Depuis leur adoption en 2015, les objectifs de développement durable (ODD) des Nations Unies ont fait l’objet d’une attention soutenue. Cependant, à mi-parcours de leur période de mise en œuvre, rien ne permet d’affirmer que cet ambitieux programme sera réalisé d’ici 2030. Pour atteindre les 17 ODD, il est indispensable de renforcer le développement mondial et avoir ainsi les moyens nécessaires pour progresser dans la réalisation des objectifs, mais il existe un défi fondamental. Le développement économique repose sur les compétences de chaque société et une éducation de qualité et équitable est primordiale.
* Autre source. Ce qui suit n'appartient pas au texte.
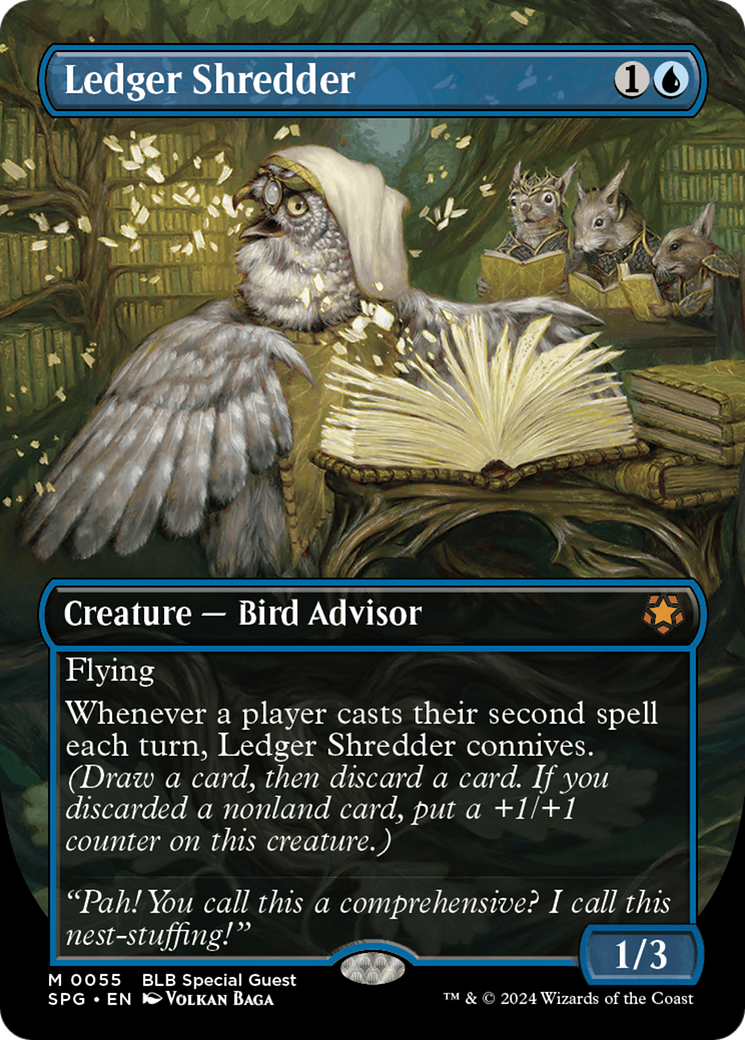 Image of Ledger Shredder (Borderless) [Bloomburrow Special Guests]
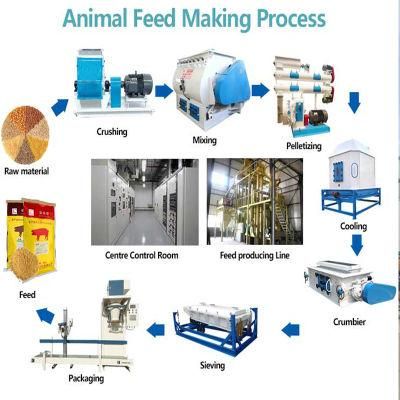 Chicken Mash Pellet Granule Crumble Feed Making Equipment Machine Factory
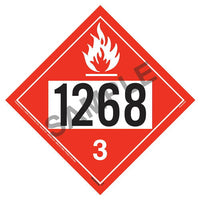 J.J. Keller 1268 Placard - Class 3 Flammable Liquid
Sur ce point, il est difficile d’être optimiste, car les déficits sont importants et les événements récents n’ont pas amélioré les perspectives de réussite.
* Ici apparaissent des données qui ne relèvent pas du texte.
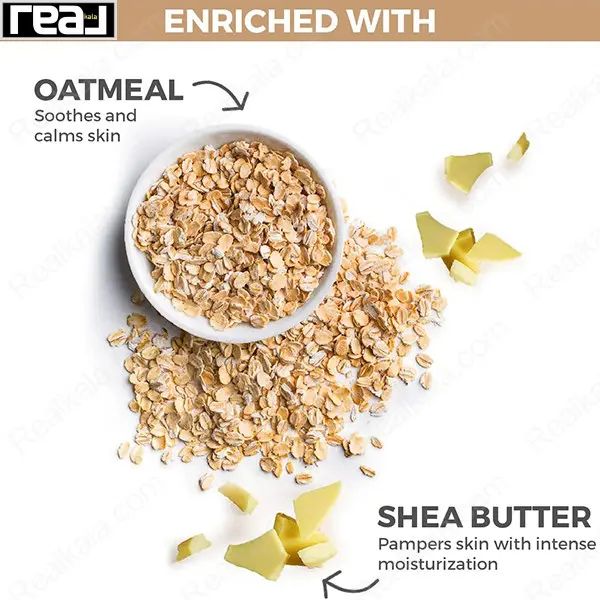 گراف ترکیبات شامپو بدن استیوز با معرفی خواص جو دوسر و کره شی 473 میل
En nous appuyant sur les données disponibles, nous soulignons ici trois points essentiels. Premièrement, les différences de compétences expliquent les trois quarts des variations de la croissance à long terme entre les pays. Deuxièmement, le déficit mondial de compétences est immense: deux tiers au moins des jeunes dans le monde ne parviennent même pas à atteindre le niveau de compétences de base. Troisièmement, la réalisation de l’objectif de compétences de base universelles dans le monde entier entraînerait une augmentation du futur PIB mondial de 700 mille milliards de dollars d’ici la fin du siècle.

Acquis et croissance

De nombreuses études ont été consacrées à la compréhension des déterminants de la croissance économique. Notre interprétation du modèle de croissance et de développement économiques est simple: bien que de nombreux facteurs contribuent à la croissance à court terme, la croissance à long terme dépend principalement des compétences de la population (Hanushek et Woessmann, 2015). Par ailleurs, notre analyse indique que les tests internationaux d’évaluation des résultats des élèves en mathématiques et en sciences permettent d’appréhender convenablement les compétences économiques pertinentes.
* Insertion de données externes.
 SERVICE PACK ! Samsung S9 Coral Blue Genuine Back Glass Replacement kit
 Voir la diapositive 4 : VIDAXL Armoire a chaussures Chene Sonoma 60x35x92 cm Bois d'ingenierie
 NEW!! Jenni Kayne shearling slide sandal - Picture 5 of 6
La relation entre la croissance à long terme et les acquis est évidente dans le graphique 1. Les compétences de la population sont mesurées par les résultats des évaluations internationales des élèves (par exemple, le Programme international pour le suivi des acquis des élèves (PISA), les Tendances internationales des études en mathématiques et en sciences (TIMSS) et les évaluations précédentes). Le tracé montre la croissance du PIB par habitant entre 1960 et 2000, après l’élimination des variations dues au niveau de revenu initial de chaque pays (il est en effet plus facile d’imiter une technologie développée ailleurs que d’innover). La croissance et les acquis sont étroitement liés: les pays dont la population a un bon niveau d’acquis ont connu une croissance rapide ; la croissance est pratiquement nulle pour ceux dont la population est à la traîne sur ce plan. Les résultats scolaires expliquent les trois quarts de la variation des taux de croissance entre les pays. Par ailleurs, le nombre d’années de scolarité n’a aucune incidence sur la croissance, une fois pris en compte les connaissances assimilées.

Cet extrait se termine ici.